Something about life and quiet destitution, or so someone said.

And destitution, though unlikely, is not impossible. But that quiet part… that bit seems incompatible. Even if I feel myself barely above a murmur as of late, there is never silence. Perhaps a neuroscientist might be apt enough to explain what it is that always seems more comparable to Apollo’s fire inside than a condition of impulses and neurons and hormones. To me, at least. To me, that incursion into what otherwise might have been a peaceful, simple life. The intrusion into my psyche that always pulls me to come here, or a few other places. And without any metrics which most others would call success. All these words, over all these years- they have gained me little more than fleeting self-satisfaction, and the occasional acknowledgement from some being whom I already know.

After all, I type away in a world that wants to be read to. Or at the very least, has a more concise written word that all this rambling that never seem to amount to much.

But, I suppose, I’ve just been avoiding the question.

These memories, which in aspect have been all I’ve got left of certain situations- these memories might as well be leather bound upon some dusty shelf. So much which has shaped the mind that lies before you now, so much is even falling beyond the point of recollection accuracy. My own personal mythos, which who knows for sure how any of it really went down? Add in the defense mechanisms of selective memory, and I could have been going on all this time a monster, thinking himself some born again king.

Then again, it is all just chemicals. Bounding and balancing inside and out of my being, whatever it means to be a being to begin with.

I recently told my daughter of a teacher I had. From the age that I was so sure I would forever leave behind. Funny, that life.

High school, junior year. I had only had my first kiss a year before. Remember that, though. Ideally. It was after a play, though not one I was in. In costume. Early spring, and she kissed me. The coward that I was, and may always be.

But anyway. That was not the conversation had with a seven-year-old. She needs to get a job before anything like that pours out of my head.

This was about the teacher who the state deemed worthy of teaching a bunch of adolescents about chemicals, and their categorization and combinations. Meaning the chemicals, not the adolescents.

The reason any of this came up, doesn’t matter. What mattered was the potency of this person’s behavior and demeanor upon me, and subsequently, upon the child.

She was a small one, filled with fire, this teacher. An active volcano of a human being. This teacher, she was never deprived of energy. And when she wrote upon the chalkboard…

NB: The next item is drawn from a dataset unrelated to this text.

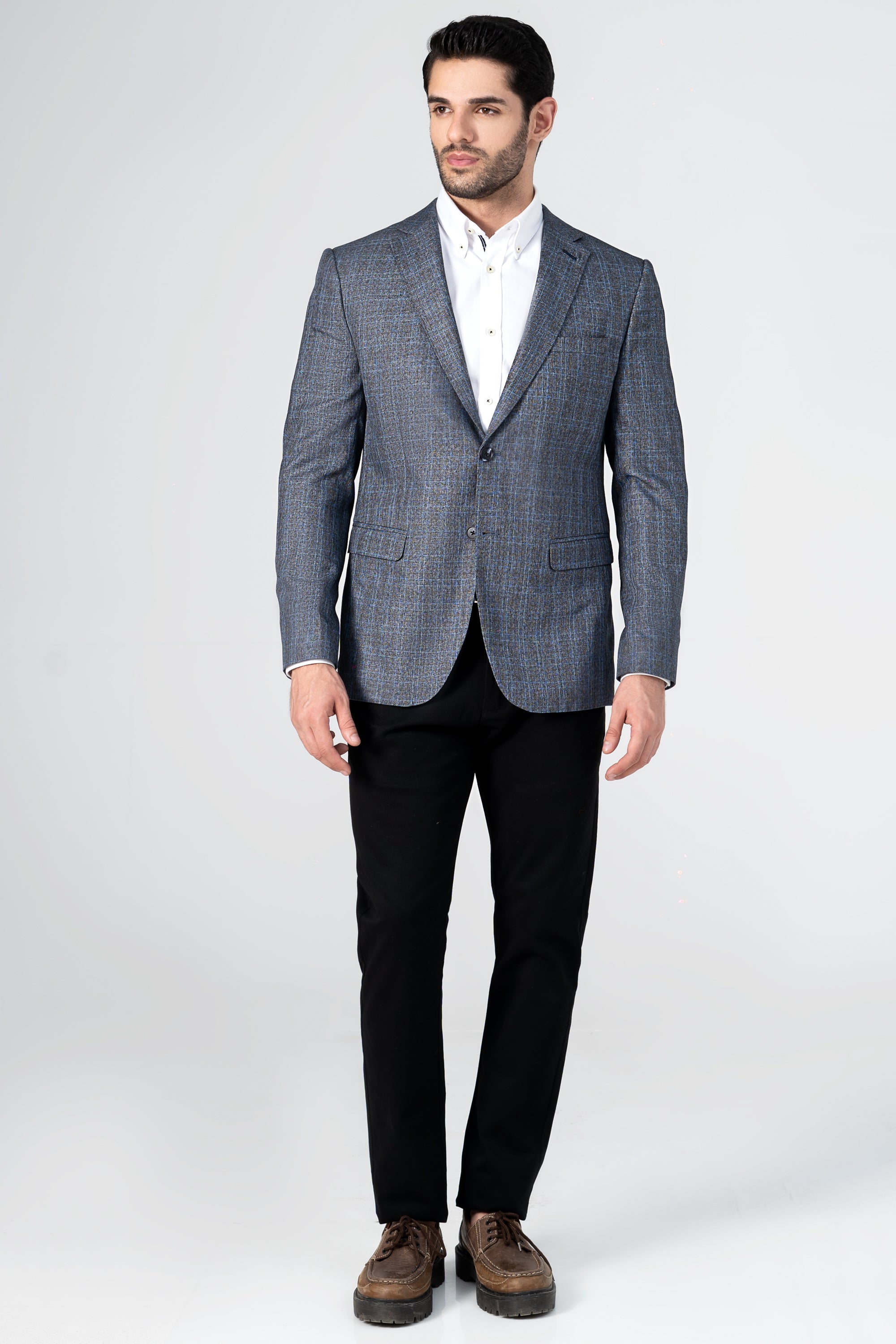 Grey-blue textured casual blazer, notch lapels, single-breasted button front, long sleeves.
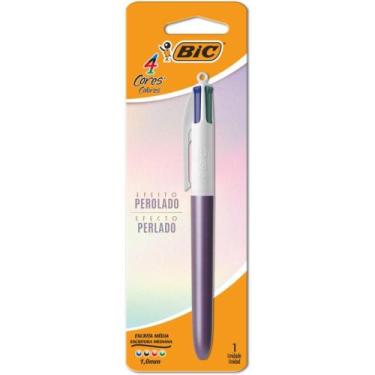 Imagem de Caneta Esferográfica BIC 4 Cores Perolado Roxo Blister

And yes, I had to explain that classrooms used to have chalkboards, and yes, I know what a smart board was, but they were new and only so many teachers used them, and most not very efficiently, and truth be told, the teachers that mattered the most to me, seemed to always be more of chalkboard people, and perhaps it was because the chalkboard provided a better stage for the performance of instruction, and knowing my own attention driven youth, that the inspiration was always better mined with those sorts of instructors than those who had organized and perfectly delineated lessons that could be confined to electronic slides or the sort…

But upon establishing our common ground upon chalkboards of yesteryear, I told her what made this female instructor of chemicals so fascinating. She would write out whatever information she deemed worthy of notetaking, working her way in the traditional western method of starting on the left and ending on the right.

The beauty came in the next line. Instead of just taking the few meager steps to return left, this woman, at best little more than five feet tall, would wind up and take a massive leap back to the starting point for the next line. A human typewriter. Which may have been her own homage to what once was before.

That, and when the chalk dust would accumulate heavily upon her hands, she would stop wherever she was, clap her hands together to pass the particle into the air and say, ‘Ooo… look at all the dust. Pretty.’

And then back onward with the lesson.

Does saying all this make the wee chemistry teacher immortal? That, I cannot say. But by passing it on, at this rate, she may outlast a few others.